Fausses citations, mauvais usage et "pas vraiment d'excuses": un avocat sanctionné pour avoir utilisé l'IA dans sa défense par deux fois

Certains n’apprennent décidément pas de leurs erreurs. C’est le cas d’un avocat américain. Comme l’a relayé 404media, Michael Fourte a été sanctionné par la Cour suprême de New York pour avoir soumis des documents juridiques en partie générés par une IA… à deux reprises.
Tout commence par une affaire classique: un litige familial concernant un prêt impayé. Mais la défense de Michael Fourte étonne. Le demandeur et ses avocats auraient en effet découvert "des citations inexactes dans le mémoire d’opposition des défendeurs, qui semblaient avoir été 'hallucinées' par un outil d’IA", précise Joel Cohen, juge à la Cour suprême de New York.
Dans une décision rendue ce mois-ci, le juge Cohen a confirmé que l’avocat avait intégré de fausses citations (des références à des affaires passées) générées par une intelligence artificielle dans son dossier.
Deux fois plus d'erreurs la deuxième fois
Pris la main dans le sac, une demande de sanctions a été faite contre l’avocat en question.
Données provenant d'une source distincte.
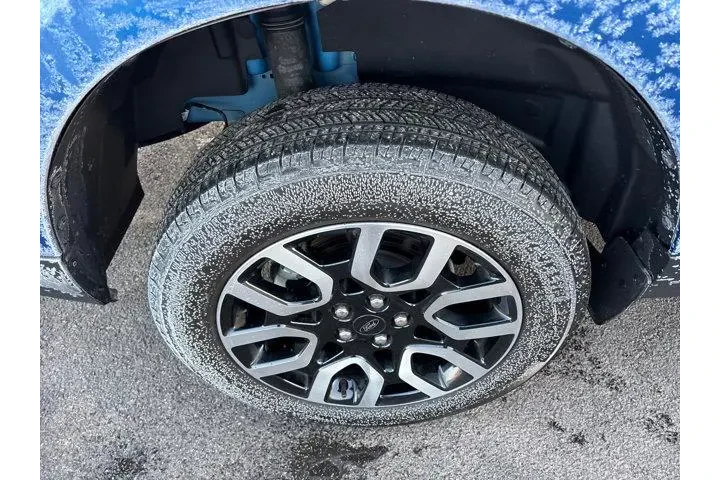 $30985 : Ford Maverick 2023 Lariat 4d image 10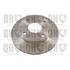 1 disque de frein avant Quinton Hazell BDC3816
Celui-ci n’a cependant pas hésité à réitérer l’expérience en incluant d’autres citations entièrement inventées par une IA dans sa défense devant le tribunal. Et il a même commis deux fois plus d’erreurs que le document initial. Sept affaires citées n’existaient tout simplement pas et trois autres ne soutenaient pas les arguments avancés.
Il n’a d’ailleurs ni nié ni admis avoir utilisé l’IA. Il a seulement reconnu que "plusieurs passages, censés paraphraser ou résumer les principes juridiques, avaient été placés par inadvertance entre guillemets."
Sans surprise, sa récidive a aggravé son cas. Résultat, le jugement a été sans appel. "L’avocat s’est appuyé sur une IA non vérifiée –dans ses déclarations, par l’intermédiaire de collègues insuffisamment supervisés– pour défendre son utilisation d’une IA non vérifiée", déplore le juge. Il a tenu à rappeler que le recours à des outils d’IA ne dispense pas les professionnels du droit de leur devoir de vérification rigoureuse.
Plusieurs cas similaires
"La prolifération de l’utilisation non vérifiée de l’IA crée ainsi le risque qu’une fausse citation se retrouve dans une décision judiciaire, obligeant les tribunaux à consacrer leur temps et leurs ressources limitées pour éviter un tel résultat", note-t-il, visiblement agacé d’avoir perdu son temps.
L’avocat a finalement été condamné à payer les frais d’avocat de la partie adverse et le juge a ordonné que sa décision soit transmise au Bureau de déontologie des avocats du New Jersey.
Face à la sévérité du tribunal, Michael Fourte a fini par reconnaître ses fautes. "Je n’ai pas vraiment d’excuse", a-t-il déclaré, tout en admettant n’avoir pas vérifié chaque citation et s’en être remis à ses collaborateurs. "Lorsque les avocats ne vérifient pas leur travail, qu’il soit généré par l’IA ou non, ils portent préjudice à leurs clients et nuisent à la Cour et à la profession", a simplement rétorqué le juge. "En résumé, le devoir de franchise des avocats envers la Cour ne peut être délégué à un logiciel."
Ce n’est pas la première fois qu’un avocat utilise l’IA. En juin dernier, Richard Bednar, un avocat américain, a été sanctionné par la cour d’appel de l’Utah pour avoir écrit un document juridique à l’aide du logiciel d’intelligence artificielle ChatGPT. L’avocat Steven Schwartz avait eu recours au logiciel ChatGPT lors d’une affaire en 2023, où il avait invoqué des procès inventés de toute pièce.